Creatine Myths Busted: The Truth About Side Effects

By Jon Klipstein, U.S. Army Combat Veteran & Founder of Die Tryin Co.

Science reviewed by Onur Oncer, BS Physiology (Phi Beta Kappa) and peer-reviewed published researcher.

Creatine myths vs facts — Die Tryin Co. micronized creatine

THE MOST STUDIED SUPPLEMENT, THE MOST LIED ABOUT

Here's something that should tell you everything: Creatine Monohydrate is the single most-researched supplement in all of sports nutrition — hundreds of studies, 30-plus years of data — and it's still buried under more gym myths than almost anything else you can buy.

Your buddy swears it wrecks your kidneys. Someone on the internet says it's basically a steroid. A headline claims it makes your hair fall out. Meanwhile the actual science has been sitting there the whole time, quietly saying the opposite.

Let's go through the big myths one by one and kill them with what the research actually shows. No hype, no fear-mongering — just the truth.

MYTH: "CREATINE DAMAGES YOUR KIDNEYS"

This is the big one, and it's wrong for healthy people. Decades of research, including long-term studies, show no evidence that creatine harms the kidneys or liver in healthy individuals taking normal doses. The ISSN Position Stand on Creatine is explicit that creatine is safe and well-tolerated, even with years of use.

So where did the scare come from? A blood marker called creatinine. Creatine naturally breaks down into creatinine, so when you supplement, your creatinine reads slightly higher. Doctors use creatinine to estimate kidney function — so an uninformed reading can look alarming when it's really just a harmless side effect of supplementing. It's not damage; it's a measurement quirk.

The honest caveat: if you have pre-existing kidney disease, talk to your doctor before using creatine. For everyone else with healthy kidneys, the fear is unfounded.

MYTH: "CREATINE IS A STEROID"

No. Creatine and anabolic steroids have nothing in common. Steroids are synthetic hormones. Creatine is a naturally occurring compound your body already makes in the liver and kidneys, and that you eat every time you have red meat or fish.

It doesn't alter your hormones. It isn't banned by any sporting body. It works by helping your muscles regenerate ATP — their fast energy currency — not by manipulating your endocrine system. Calling creatine a steroid is like calling coffee a narcotic.

MYTH: "CREATINE MAKES YOU FAT AND BLOATED"

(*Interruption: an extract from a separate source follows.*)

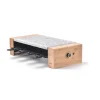 Appareil à raclette grill Q.5375 - Bois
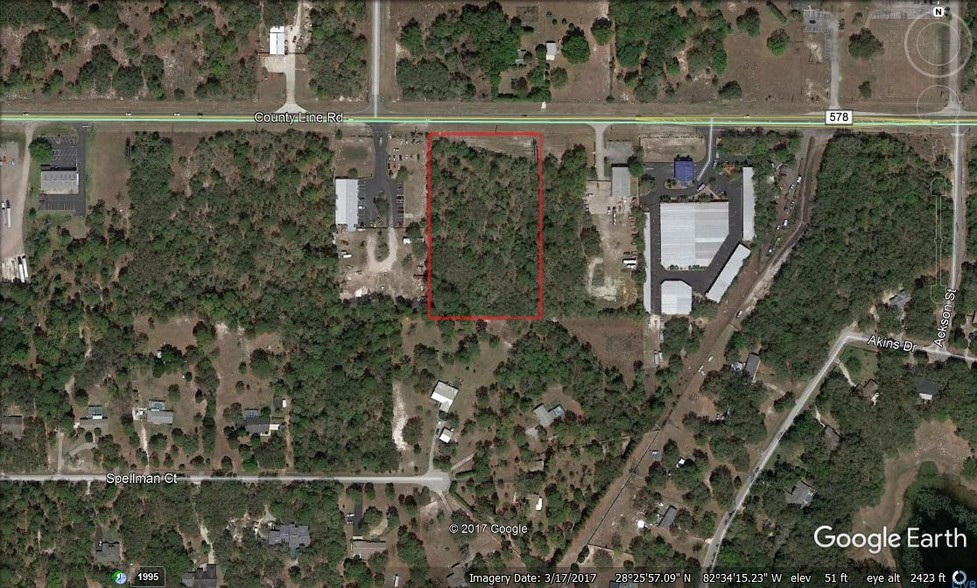 14800 County Line Rd, Spring Hill, FL 34610 | LoopNet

Creatine has zero calories that turn into body fat — it's not going to make you gain fat. The "bloat" myth comes from water, and the detail people miss is where the water goes.

Creatine pulls water into your muscle cells (intracellular), which actually makes muscles look fuller and supports performance. That's different from the puffy, soft, under-the-skin (subcutaneous) water retention people picture. Any small bump on the scale in the first couple of weeks is muscle water, not fat. Stomach bloating, when it happens, is usually a loading-phase or coarse-powder issue — not the creatine itself.

MYTH: "YOU HAVE TO LOAD AND CYCLE CREATINE"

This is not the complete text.